On Mon, 2007-03-26 at 10:03 -0500, Jacob Kaplan-Moss wrote: > -1 on allowing File/ImageField to be stored in the database. That's > bad design 99% of the time, and will needlessly complicate file upload > code.
If people want to do it themselves, it's pretty easy to create a DBFile model with name and data members, so leaving it out of core doesn't preclude people from doing it if they're set on the idea. (I just want a BinaryField; I'll take it however I can get it.)
Hi, If you provide a BinaryField it's just a matter of time that "hacks" will start to go out on blogs, the wiki or even django-users to get ImageField and FileField on the database (there's a hack on this already), maybe it's 99% bad but if those fields are provided inside django it will be much better than having lots of hackish ways around.

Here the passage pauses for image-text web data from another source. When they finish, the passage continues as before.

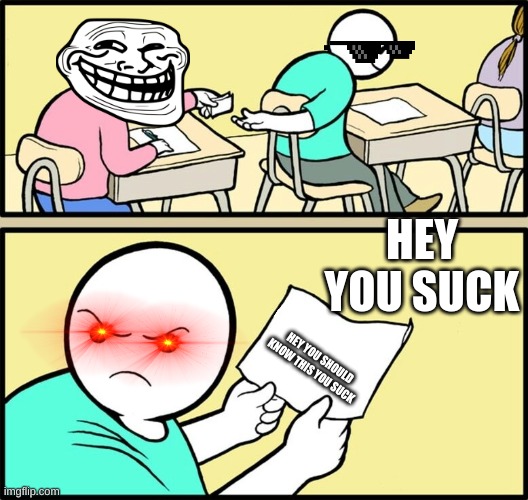 The sad moments:( | HEY YOU SUCK; HEY YOU SHOULD KNOW THIS YOU SUCK | image tagged in school hint paper note | made w/ Imgflip meme maker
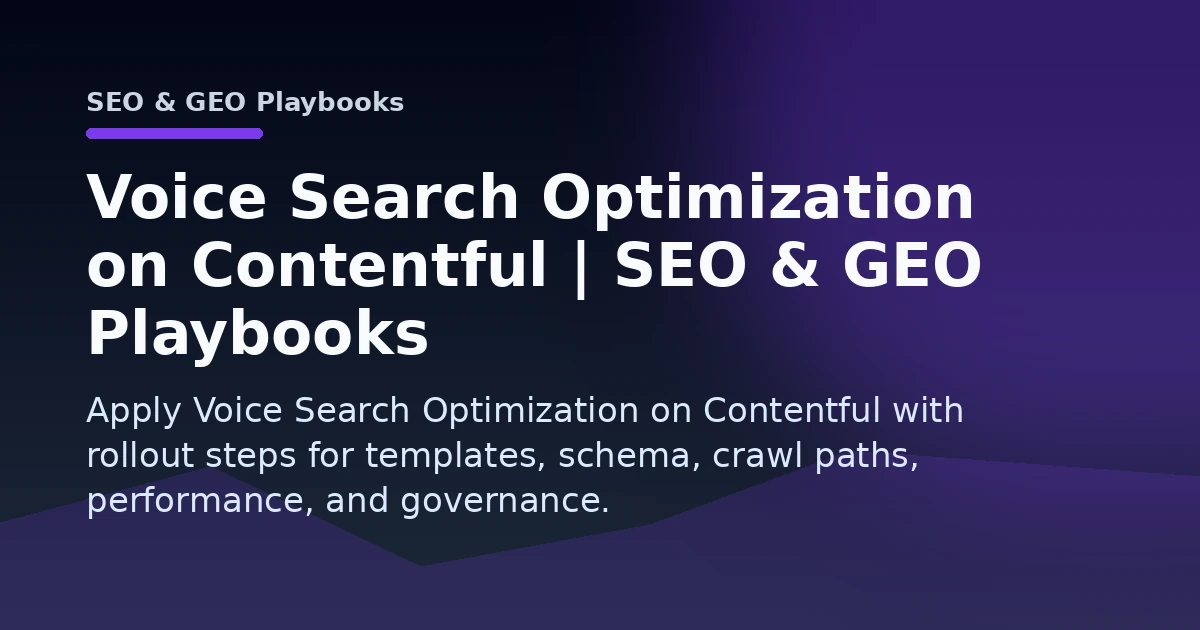 Voice Search Optimization on Contentful | SEO & GEO Playbooks Open Graph image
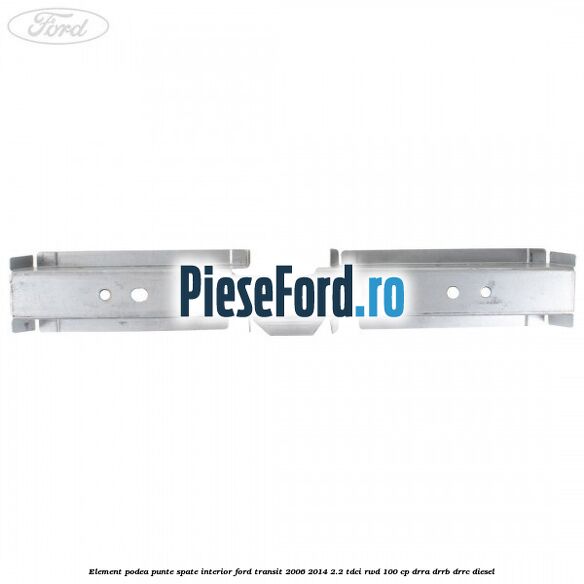 Element podea punte spate interior Ford Transit 2006-2014 2.2 TDCi RWD 100 cp DRRA, DRRB, DRRC diesel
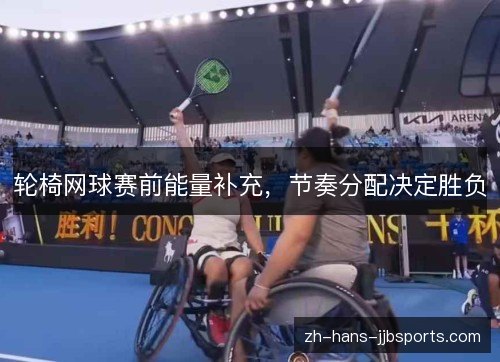 轮椅网球赛前能量补充，节奏分配决定胜负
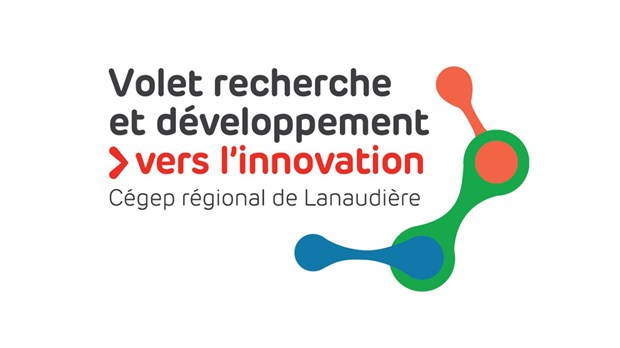Les activités de recherche, d’innovation et de transfert d’expertise se développent  au Cégep régional de Lanaudière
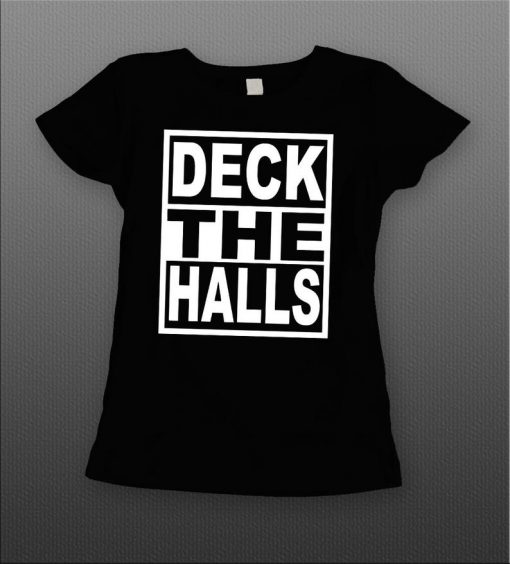 Deck the Halls t shirt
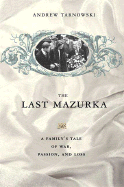 The Last Mazurka: A Family's Tale of War, Passion, and Loss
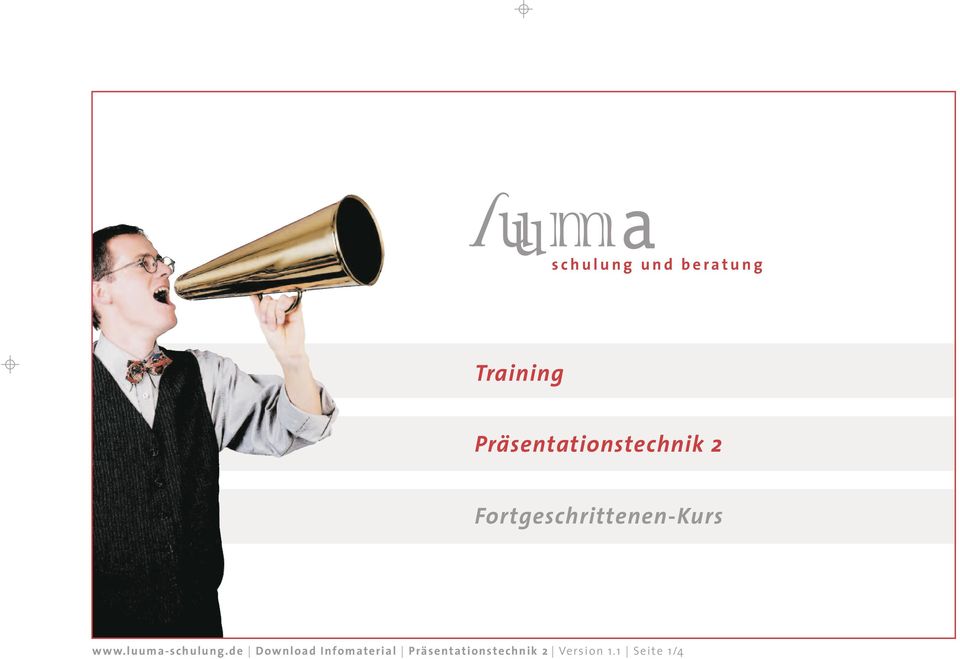 Fortgeschrittenen-Kurs www.luuma-schulung.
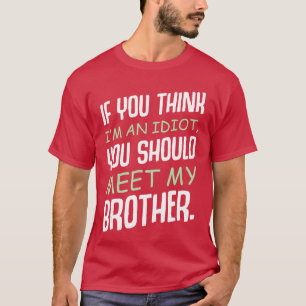 Wenn du denkst, ich bin ein Idiot Humor Sarkasmus T-Shirt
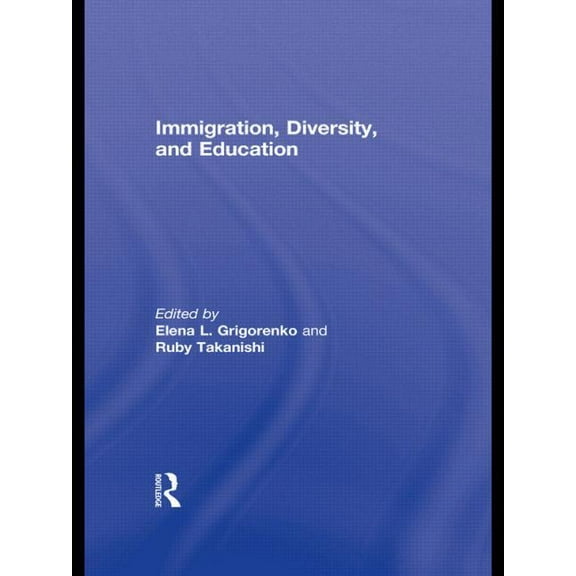 Immigration, Diversity, and Education, (Paperback)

And anyway, there's still a 1% of cases on which it's good design, normally cases of big applications.
An argument for supporting Image/Field on DB: Consider a case of multiple frontends with a big big database, having File and Image fields on filesystem forces you to keep the filesystem in sync among frontends. Now imagine you upload a file which is i.e. the image for an article; The article is inserted on the database and the file on the filesystem. All frontends will **immediatelly** show up the article, but only one will have the image! unless you start playing around with NFS or other networked filesystems.

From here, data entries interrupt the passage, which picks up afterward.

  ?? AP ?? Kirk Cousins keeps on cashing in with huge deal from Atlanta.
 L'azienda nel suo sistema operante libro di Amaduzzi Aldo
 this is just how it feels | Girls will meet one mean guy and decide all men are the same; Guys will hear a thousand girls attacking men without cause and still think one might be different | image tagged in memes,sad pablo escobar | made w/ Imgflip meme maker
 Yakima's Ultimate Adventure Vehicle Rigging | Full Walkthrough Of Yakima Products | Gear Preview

It can also be a bit messy to do Point In Time recoveries, with everything on the database you can to a nice PTR without any trouble, if there are things on the filesystem you must make sure both things get recovered to the same point in time, and it's rare to see filesystems backed up **permanently** while point in time recoveries in databases (atleast postgresql) are heavily documented and a good resource for some kind of applications.
Third case; Imagine having one single directory holding a project but you run multiple instances of it over different databases (yes, doing tricky things to settings), having things on the filesystem makes things a bit harder.
I'm +1 on providing database backed File and Image fields while heavily discouraging it's use on the documentation by providing clear examples of the 99% and 1% sides of the thing so users are aware of which storage method should they choose.
Also +1 on the BinaryField, then atleast if one **really** needs to store things on DB it could be done :)
Cheers, Marc
On 3/26/07, Jacob Kaplan-Moss <jacob.kaplanm...@gmail.com> wrote:
> On 3/26/07, Simon G. <d...@simon.net.nz> wrote: > > So - if we do want a BinaryField we could use #2417 and make it > > suitable for larger binary stores (e.g. the VARBINARY used for MySQL > > has a max length of 255 bytes - perfect for the small bin. chunks > > wanted in #2417, but not for larger data), and then hook it up to > > Image/FileFields for #652.
> > An alternate solution is to check in #2417 for small binary chunks, > > and then hold 652 back until we decide if we want a LargeBinaryField > > for large binary chunks suitable for file uploads.
> +1 on having a BinaryField. I'd actually like to see BinaryField be > the "larger" binary field, and have a SmallBinaryField alongside for > databases with those types.
> -1 on allowing File/ImageField to be stored in the database. That's > bad design 99% of the time, and will needlessly complicate file upload > code.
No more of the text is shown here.